Which datasets to use for testing?
MT – I want to make a utility that helps makes json blobs containing ib databases. These would be stored in the repo. Would like them to be the ibstore database format.
LW – So you want to construct datasets on the fly and save them. Probably simplest to use json blobs early on, even though they’re not space-efficient.
MT – So save them or regenerate when running tests? You say save them.
LW – May be hard to automate for every scenario.
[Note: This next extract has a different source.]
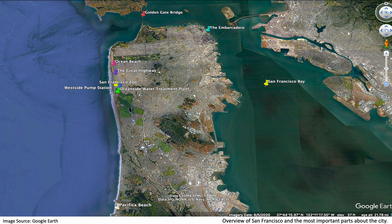This is an overview map of the entire city of San Francisco. All the most important locations are pinned on the map taken from Google Earth. Starting in the bottom left, we have Pacifica Beach, which isn't technically part of San Francisco, but it's important to the project. Moving up, there's the Oceanside Water Treatment Plant, the Westside Pump Station, San Francisco Zoo, the Great Highway and Ocean Beach, the Golden Gate Bridge, the Embarcadero, and the San Francisco Bay.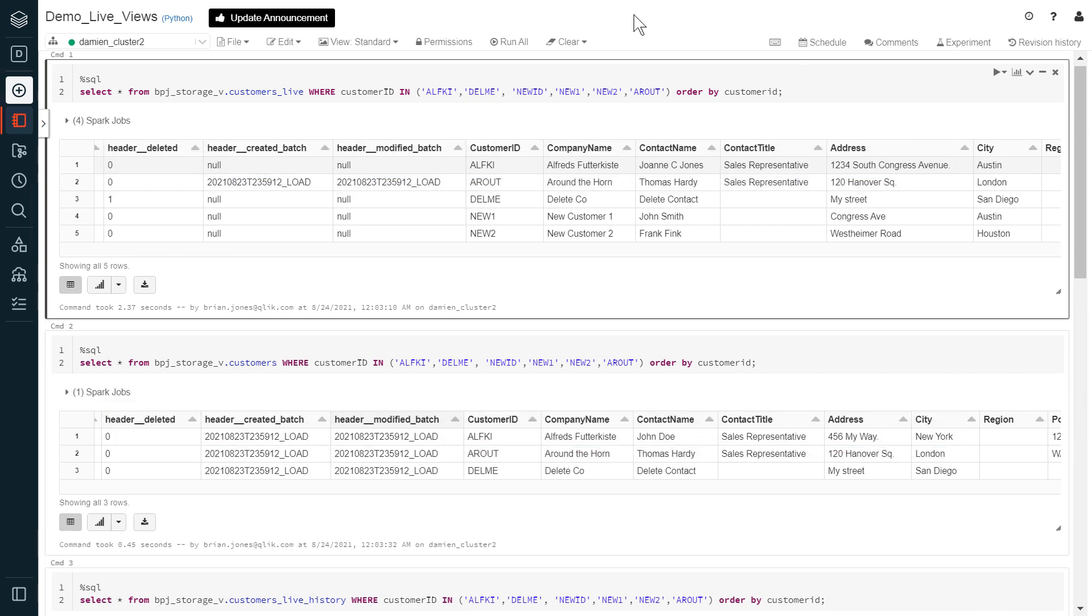The key advantage of Qlik Compose Live Views is they reduce latency while also reducing the utilization and cost of the cluster for data processing operations. The Qlik Compose Live Views are part of the Qlik Compose product and should not be confused with the Databricks Delta Live tables.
Every dataset will have different reqs
JW –
MT – Talking about
How should users be able to access entries in datasets?
How to create new datasets on the fly (should make a utility for this)?
MT – Could mock qcsubmit’s dataset.submit to get data
LW – No need to compute at all, could just save the qcsubmit collections that result.
…
JW – Can show how to run simple local jobs on QCF, we do that in qcsubmit’s tests
MT – I’m thinking of not even really running stuff. Rather mocking the .submit
call
…
JW – Wouldn’t need to mock .submit
, instead could mock the dataset retrieval call.
MT – Would need to run .submit
to get a template
JW – Could just run things using the rdkit force field, or sage, to get a real looking set of mockable data.
MT – I’ll probably work on updating to QC* 0.50 first, and then I’ll poke around with trying to mock the return values. Would love a sort of migration guide/blog post on how to update QCSubmit code.